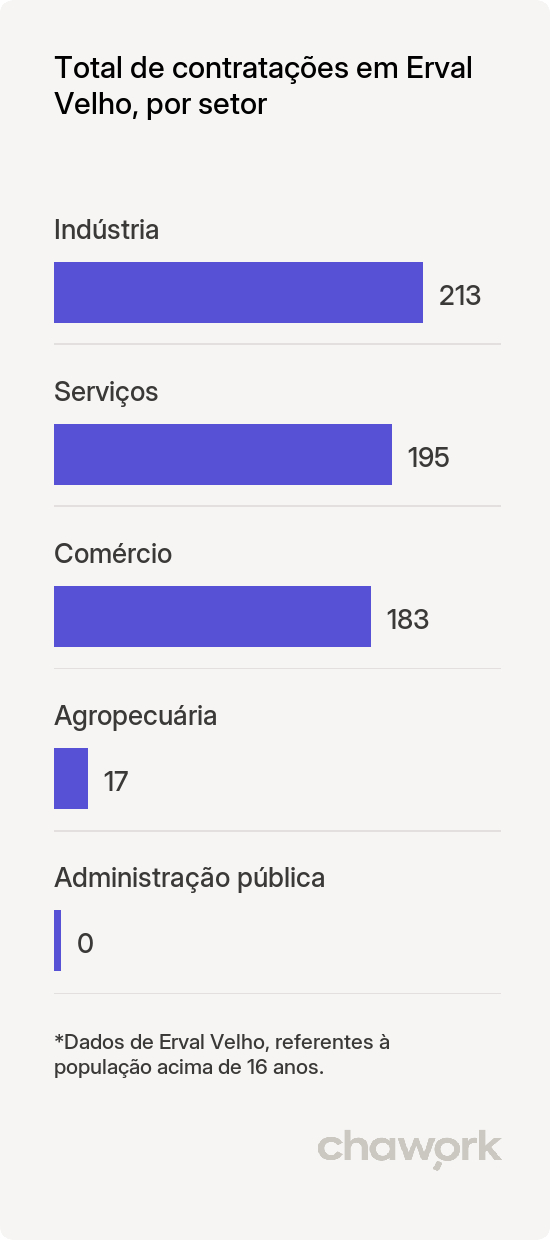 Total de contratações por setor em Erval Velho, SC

※

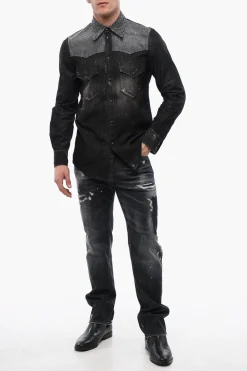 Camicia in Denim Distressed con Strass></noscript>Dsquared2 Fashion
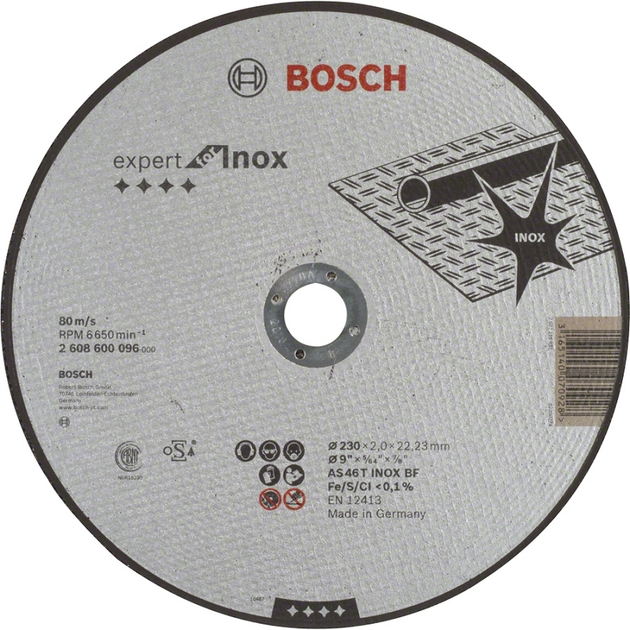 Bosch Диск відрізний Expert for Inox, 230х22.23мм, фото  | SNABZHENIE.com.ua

※

◆ Task to carry out
From the listing above, please give again the lines that begin with the line holding "Camicia in Denim" and go on through the line holding "Bosch Диск відрізний", exactly, both ends included, minus any picture.

◆ Your response
 Camicia in Denim Distressed con Strass></noscript>Dsquared2 Fashion
 Bosch Диск відрізний Expert for Inox, 230х22.23мм, фото  | SNABZHENIE.com.ua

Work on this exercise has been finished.